== Records for the exercise ==
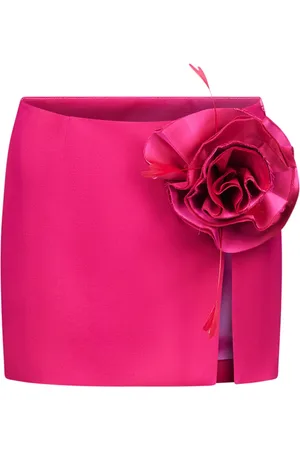 AREA Floral-appliqué wool mini skirt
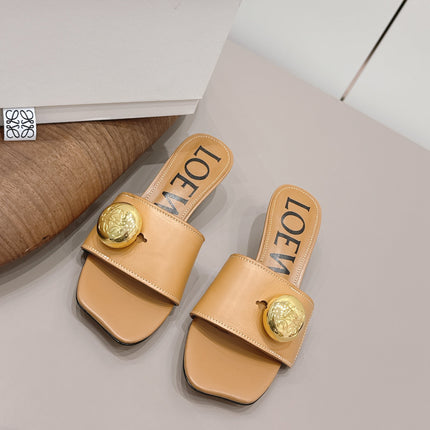 LOEWE 26S SQUARE TOE SANDALS 45MM IN TAN BROWN CALFSKIN GOLD HARDWARE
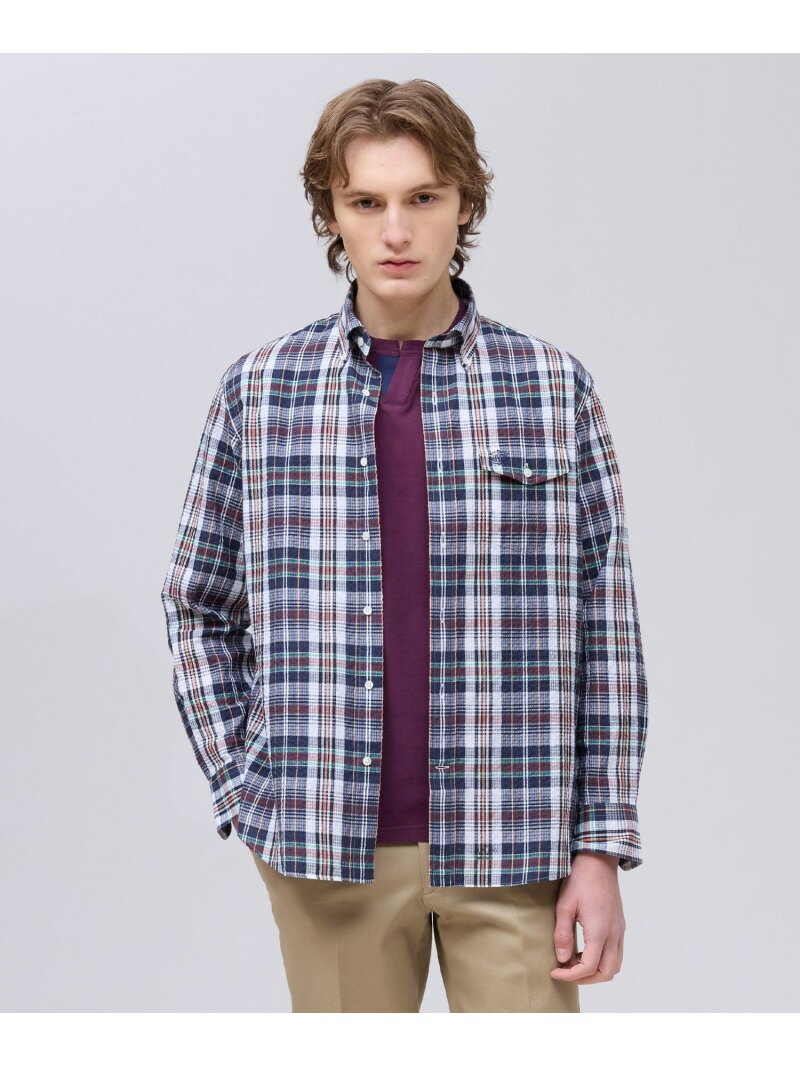 Rakuten - 【吸水速乾 / 接触冷感 / 高通気性】Aero Weave クールマックス サッカーシャツ / B.D. J.PRESS ジェイプレス トップス シャツ・ブラウス レッド ブルー ブラウン【送料無料】[Rakuten Fashion]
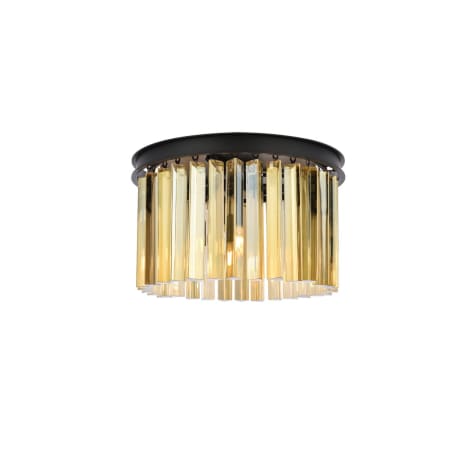 Elegant Lighting Sydney 3 Light 16" Wide Flush Mount Drum Ceiling Fixture with Golden Teak Royal Cut Crystals Matte Black
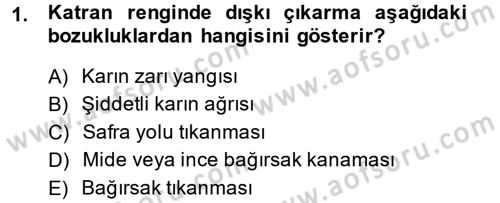 Temel Klinik Bilgisi Dersi 2014 - 2015 Yılı (Final) Dönem Sonu Sınav Soruları 1. Soru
===
Task details: Starting at the first line of the records above, set down each line exactly through the one that holds "Elegant Lighting Sydney". Omit pictures.

Answer box:
 AREA Floral-appliqué wool mini skirt
 LOEWE 26S SQUARE TOE SANDALS 45MM IN TAN BROWN CALFSKIN GOLD HARDWARE
 Rakuten - 【吸水速乾 / 接触冷感 / 高通気性】Aero Weave クールマックス サッカーシャツ / B.D. J.PRESS ジェイプレス トップス シャツ・ブラウス レッド ブルー ブラウン【送料無料】[Rakuten Fashion]
 Elegant Lighting Sydney 3 Light 16" Wide Flush Mount Drum Ceiling Fixture with Golden Teak Royal Cut Crystals Matte Black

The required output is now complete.